My red handle, as you might imagine, is related to my mental health. But it’s not your average “you’re crazy,” “off your meds bro?,” “looks like Freddie’s gone psycho again,” etc. shit that gets to me. I hear that stuff literally every day, and at this point it washes off my back. My red handle is something much more specific: it’s when people attempt to discipline, undermine, or otherwise assert control over me under the guise of “checking up on me.” It’s a very common and totally infuriating thing. It’s an expression of faux concern that makes sure to let me know that there’s something in my behavior that’s deficient or weird, and in so doing seeks to regulate my behavior by making me feel shitty - while, at the same time, prompting precisely the feelings of instability they are ostensibly worried I already feel. The worst part is that, if you have had multiple legitimate psychotic episodes as I have, you can never 100% shut your mind down to the possibility that you have lost the thread again. Which means that no matter how apparent it is that someone is just fucking with you, you can’t completely ignore them; there’s always that 1% chance in your mind. So you’re permanently vulnerable to manipulation. It’s not a good feeling.
“You OK man? That last piece, it got a little emotional…. I don’t know, it just makes me nervous. Nothing specific I guess, just a feeling that you’re struggling. Maybe you should reach out to somebody? It’s not a good look when you get so worked up. Makes people think maybe you’re not in the right space. Anyway just saying.”
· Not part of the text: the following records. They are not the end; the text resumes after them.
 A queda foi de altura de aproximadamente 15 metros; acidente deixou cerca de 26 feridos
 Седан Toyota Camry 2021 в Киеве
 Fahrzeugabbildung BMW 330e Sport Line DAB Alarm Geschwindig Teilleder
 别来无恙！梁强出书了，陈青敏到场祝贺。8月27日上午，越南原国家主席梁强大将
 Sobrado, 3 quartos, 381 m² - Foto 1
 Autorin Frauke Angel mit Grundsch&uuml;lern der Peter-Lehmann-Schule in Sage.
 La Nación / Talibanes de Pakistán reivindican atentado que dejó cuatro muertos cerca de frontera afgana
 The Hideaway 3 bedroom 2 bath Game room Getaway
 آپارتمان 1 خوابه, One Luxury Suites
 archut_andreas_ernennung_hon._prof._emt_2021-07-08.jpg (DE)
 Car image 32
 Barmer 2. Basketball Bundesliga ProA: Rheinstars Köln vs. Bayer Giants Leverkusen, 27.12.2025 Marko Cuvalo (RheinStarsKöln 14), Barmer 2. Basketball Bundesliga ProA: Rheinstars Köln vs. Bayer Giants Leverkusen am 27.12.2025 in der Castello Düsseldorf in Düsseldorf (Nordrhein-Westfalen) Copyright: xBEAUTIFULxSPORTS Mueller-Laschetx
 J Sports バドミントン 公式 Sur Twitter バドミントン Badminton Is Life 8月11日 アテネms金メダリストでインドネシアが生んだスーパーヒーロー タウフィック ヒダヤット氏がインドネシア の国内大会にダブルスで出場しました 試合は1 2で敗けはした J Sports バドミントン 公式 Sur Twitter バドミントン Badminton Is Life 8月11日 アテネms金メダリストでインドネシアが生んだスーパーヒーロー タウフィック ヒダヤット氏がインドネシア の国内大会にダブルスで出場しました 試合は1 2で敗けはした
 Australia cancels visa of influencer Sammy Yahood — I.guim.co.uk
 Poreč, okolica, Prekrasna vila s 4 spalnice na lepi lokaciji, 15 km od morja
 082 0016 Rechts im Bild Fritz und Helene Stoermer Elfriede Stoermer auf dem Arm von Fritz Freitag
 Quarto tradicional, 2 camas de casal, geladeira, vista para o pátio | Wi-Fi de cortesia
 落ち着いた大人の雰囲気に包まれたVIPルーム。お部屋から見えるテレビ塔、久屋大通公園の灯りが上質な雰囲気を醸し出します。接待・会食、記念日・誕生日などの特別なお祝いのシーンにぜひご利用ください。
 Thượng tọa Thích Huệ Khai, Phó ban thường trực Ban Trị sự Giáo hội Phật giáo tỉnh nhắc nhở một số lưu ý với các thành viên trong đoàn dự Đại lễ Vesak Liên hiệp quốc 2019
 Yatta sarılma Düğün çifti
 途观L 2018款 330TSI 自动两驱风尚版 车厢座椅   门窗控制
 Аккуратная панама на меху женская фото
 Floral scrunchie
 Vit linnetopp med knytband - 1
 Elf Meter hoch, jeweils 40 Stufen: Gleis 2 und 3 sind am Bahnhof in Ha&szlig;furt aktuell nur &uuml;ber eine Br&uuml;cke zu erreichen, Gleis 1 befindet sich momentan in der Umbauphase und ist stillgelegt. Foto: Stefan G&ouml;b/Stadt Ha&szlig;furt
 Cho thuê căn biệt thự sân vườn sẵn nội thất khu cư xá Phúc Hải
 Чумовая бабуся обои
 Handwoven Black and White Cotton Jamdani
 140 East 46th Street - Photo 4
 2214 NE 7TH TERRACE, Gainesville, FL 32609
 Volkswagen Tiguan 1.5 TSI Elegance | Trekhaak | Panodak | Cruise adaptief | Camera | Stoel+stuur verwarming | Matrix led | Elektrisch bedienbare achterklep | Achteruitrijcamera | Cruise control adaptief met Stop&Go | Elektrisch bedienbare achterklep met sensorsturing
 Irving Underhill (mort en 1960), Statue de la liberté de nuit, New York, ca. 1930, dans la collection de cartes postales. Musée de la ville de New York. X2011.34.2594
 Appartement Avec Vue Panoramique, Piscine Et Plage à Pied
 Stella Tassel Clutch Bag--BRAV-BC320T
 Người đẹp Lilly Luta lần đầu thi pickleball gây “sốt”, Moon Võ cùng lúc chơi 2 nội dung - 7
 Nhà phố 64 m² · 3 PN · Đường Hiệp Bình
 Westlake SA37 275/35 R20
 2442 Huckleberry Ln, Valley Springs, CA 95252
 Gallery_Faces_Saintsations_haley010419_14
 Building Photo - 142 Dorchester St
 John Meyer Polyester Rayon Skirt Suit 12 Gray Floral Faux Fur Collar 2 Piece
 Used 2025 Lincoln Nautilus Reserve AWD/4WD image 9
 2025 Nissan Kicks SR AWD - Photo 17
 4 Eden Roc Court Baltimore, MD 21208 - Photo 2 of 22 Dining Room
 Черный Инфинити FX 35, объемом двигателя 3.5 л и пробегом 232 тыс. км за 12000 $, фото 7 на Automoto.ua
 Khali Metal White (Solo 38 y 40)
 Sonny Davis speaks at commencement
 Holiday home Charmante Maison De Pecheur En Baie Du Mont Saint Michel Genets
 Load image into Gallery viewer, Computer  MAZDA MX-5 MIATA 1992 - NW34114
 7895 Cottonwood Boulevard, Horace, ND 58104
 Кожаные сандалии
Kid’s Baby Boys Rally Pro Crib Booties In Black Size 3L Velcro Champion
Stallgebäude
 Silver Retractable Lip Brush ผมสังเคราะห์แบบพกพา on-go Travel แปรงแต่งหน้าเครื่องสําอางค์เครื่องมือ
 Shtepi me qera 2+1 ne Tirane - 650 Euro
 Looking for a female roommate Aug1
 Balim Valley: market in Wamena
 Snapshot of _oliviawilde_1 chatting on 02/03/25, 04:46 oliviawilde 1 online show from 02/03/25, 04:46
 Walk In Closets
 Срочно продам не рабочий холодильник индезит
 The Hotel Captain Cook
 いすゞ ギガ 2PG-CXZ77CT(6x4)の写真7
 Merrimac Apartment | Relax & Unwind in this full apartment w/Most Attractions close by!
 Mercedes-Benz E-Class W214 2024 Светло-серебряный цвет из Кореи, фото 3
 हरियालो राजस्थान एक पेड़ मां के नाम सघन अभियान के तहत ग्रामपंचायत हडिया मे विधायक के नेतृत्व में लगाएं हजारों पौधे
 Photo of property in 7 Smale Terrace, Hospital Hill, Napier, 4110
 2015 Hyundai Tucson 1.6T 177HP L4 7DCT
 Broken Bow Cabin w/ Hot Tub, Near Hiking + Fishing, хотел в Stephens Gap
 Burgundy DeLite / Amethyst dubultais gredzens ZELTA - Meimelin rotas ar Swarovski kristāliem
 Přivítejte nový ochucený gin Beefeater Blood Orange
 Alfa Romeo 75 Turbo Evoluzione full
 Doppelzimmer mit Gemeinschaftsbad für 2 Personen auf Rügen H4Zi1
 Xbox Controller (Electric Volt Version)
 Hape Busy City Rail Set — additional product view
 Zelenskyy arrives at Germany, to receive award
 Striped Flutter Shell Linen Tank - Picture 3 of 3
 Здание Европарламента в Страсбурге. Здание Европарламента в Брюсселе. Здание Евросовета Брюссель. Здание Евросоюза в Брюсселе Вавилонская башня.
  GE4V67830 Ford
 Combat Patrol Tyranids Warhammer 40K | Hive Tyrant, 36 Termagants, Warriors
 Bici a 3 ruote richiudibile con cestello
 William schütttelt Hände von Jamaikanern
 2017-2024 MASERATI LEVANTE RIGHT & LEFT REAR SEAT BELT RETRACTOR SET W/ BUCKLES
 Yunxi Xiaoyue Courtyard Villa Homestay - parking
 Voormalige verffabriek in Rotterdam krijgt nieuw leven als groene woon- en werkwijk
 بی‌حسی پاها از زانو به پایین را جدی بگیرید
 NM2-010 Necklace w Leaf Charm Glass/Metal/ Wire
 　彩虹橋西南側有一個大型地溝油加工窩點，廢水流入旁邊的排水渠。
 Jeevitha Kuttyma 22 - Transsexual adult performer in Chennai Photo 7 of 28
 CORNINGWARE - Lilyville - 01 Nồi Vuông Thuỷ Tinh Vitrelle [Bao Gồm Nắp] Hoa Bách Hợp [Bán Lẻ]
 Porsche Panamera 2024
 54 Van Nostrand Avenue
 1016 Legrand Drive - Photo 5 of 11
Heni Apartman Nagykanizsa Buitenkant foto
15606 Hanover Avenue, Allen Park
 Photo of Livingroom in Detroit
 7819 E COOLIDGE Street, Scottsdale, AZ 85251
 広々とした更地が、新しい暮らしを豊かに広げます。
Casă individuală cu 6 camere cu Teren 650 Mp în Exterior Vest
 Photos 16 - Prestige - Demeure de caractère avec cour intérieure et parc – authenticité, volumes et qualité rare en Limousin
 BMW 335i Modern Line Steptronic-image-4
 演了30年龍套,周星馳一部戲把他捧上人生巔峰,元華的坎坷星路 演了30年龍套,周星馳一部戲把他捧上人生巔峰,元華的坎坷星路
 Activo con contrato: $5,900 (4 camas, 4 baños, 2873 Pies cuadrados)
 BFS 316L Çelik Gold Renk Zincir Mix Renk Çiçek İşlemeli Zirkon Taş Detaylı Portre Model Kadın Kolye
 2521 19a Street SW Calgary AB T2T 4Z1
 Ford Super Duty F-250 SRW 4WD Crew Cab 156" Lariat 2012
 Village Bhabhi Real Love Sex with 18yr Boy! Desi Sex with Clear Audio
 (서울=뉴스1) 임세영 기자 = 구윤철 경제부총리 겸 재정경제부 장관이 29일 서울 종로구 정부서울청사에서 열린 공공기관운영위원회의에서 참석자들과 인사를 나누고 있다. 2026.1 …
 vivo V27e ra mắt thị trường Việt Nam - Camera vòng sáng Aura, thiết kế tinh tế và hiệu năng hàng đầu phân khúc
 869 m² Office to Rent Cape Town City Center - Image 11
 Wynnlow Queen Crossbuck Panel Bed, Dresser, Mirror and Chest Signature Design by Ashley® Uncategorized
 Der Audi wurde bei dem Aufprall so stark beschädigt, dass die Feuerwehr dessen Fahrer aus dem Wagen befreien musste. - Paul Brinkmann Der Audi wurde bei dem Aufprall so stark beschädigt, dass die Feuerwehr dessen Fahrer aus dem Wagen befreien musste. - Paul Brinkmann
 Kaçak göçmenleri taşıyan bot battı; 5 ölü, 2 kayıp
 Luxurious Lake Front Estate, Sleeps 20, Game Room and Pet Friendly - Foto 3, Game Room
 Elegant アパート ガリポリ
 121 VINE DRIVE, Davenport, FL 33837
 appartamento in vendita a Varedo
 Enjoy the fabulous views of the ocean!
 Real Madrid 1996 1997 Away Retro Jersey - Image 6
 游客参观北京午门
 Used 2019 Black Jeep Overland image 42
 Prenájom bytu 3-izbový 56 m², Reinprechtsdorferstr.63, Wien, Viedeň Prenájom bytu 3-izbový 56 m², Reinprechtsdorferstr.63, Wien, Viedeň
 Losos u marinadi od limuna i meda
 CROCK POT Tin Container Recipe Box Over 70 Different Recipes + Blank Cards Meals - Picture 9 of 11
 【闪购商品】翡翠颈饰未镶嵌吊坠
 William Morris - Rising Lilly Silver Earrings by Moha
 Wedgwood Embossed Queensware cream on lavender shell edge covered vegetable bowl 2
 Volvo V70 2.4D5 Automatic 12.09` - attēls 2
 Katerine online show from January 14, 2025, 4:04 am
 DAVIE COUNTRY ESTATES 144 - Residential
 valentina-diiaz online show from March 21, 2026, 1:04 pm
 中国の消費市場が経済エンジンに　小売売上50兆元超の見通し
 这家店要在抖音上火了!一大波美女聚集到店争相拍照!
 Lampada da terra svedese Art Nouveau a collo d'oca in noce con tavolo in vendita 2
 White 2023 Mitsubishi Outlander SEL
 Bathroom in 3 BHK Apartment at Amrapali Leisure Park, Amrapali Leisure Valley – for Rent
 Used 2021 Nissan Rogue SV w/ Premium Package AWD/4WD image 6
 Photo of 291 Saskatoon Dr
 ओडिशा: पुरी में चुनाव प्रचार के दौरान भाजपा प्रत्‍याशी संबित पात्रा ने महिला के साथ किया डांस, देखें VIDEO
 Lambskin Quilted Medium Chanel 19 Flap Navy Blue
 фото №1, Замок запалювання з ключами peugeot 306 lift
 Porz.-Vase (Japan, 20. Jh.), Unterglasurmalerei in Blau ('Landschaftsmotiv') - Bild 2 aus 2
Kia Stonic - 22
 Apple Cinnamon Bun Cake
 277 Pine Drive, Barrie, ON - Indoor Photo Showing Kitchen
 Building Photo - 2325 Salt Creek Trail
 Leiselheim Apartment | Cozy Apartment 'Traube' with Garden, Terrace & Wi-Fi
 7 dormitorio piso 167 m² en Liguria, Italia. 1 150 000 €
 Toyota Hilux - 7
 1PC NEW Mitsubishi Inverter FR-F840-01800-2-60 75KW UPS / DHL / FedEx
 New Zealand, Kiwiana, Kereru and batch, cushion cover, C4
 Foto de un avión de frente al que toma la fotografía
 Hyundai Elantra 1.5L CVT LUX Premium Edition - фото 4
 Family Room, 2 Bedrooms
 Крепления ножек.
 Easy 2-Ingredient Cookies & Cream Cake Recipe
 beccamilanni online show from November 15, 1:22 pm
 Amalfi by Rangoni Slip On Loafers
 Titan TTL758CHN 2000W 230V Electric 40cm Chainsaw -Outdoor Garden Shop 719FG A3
Listen, I understand that there will times that something that looks an awful lot like a totally disingenuous attempt to assert power over me will actually have good intentions. But look - no one, not even those with the most noble motives, can diagnose me over the internet. I promise. I know people are protective of me, and I am always 100% cool with people checking in, if they do so in a way that is at least minimally sincere and which stems from a place of genuine inquiry, rather than one that drips with condescension and assumes the answer to the question that it pretends to ask. If the question is “how’re you doing,” that makes me feel good. Even if the question is, “hey how’s your mental health been,” that’s cool. This is not cool: “Hey dude, I don’t mean to intrude, but you’ve seemed, like, no so good lately? I’m just a little worried about you… That last thing you wrote, I wasn’t so sure about it. Just had a feeling. You seem a little unstable.” That shit is so infuriating, so undermining, so stuffed with bad faith. It stabs me in the heart. And it could never result in more or better mental health treatment for me anyway. So please, don’t do that.
My girlfriend looks after me. My siblings look after me. My friends look after me. My psychiatrist looks after me. My doctor looks after me. My support group looks after me. You do not look after me. As much as you may sincerely want to.
When everything went down a few years ago, in the first weeks after there was a lot of insistence that I had faked everything - that I have no mental illness and have been playing some sort of long con, to what end I couldn’t possibly tell you. (I get a lot less of that now, thankfully.) People would sometimes ask me, you’ve been writing for almost a decade, you’ve said very little about mental illness, why haven’t we heard more about this before? It’s hard to believe that people don’t grasp this, but…. Revealing mental illness to others, as much as it may now be a common practice on social media, leaves you defenseless in a very real way. Let to its own devices, my brain will eventually rob my conscious mind of its ability to accurately perceive the world, to have knowledge about itself, and to regulate my behavior. This is not a pleasant condition, and though I now have no choice but to reflect on it openly and frankly, it’s not fun that complete strangers know this about me. Please be sensitive to the possibility that you may be taking advantage of that vulnerability even if you’re sure you have good intentions. “I support you and I hope you’re good” is more than enough.